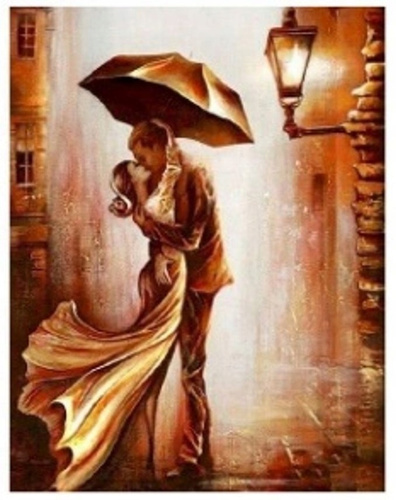 Diamentowa Mozaika Kobieta I Mężczyzna 30x40 Haft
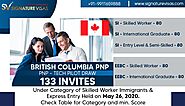 133 Candidates invited in the Latest British Columbia Tech Pilot Draw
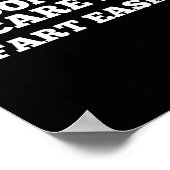 Poster Ne me fais pas je pète facilement (Coin)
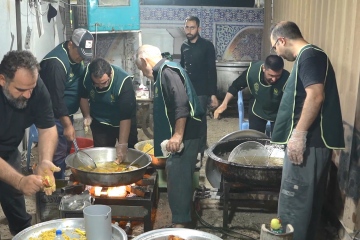 خستگی در موکب تهرانی های مرز مهران معنا ندارد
---
Skip the pictures, then retype every line above exactly.

## RESPONSE AREA
 Diamentowa Mozaika Kobieta I Mężczyzna 30x40 Haft
 133 Candidates invited in the Latest British Columbia Tech Pilot Draw
 Poster Ne me fais pas je pète facilement (Coin)
 خستگی در موکب تهرانی های مرز مهران معنا ندارد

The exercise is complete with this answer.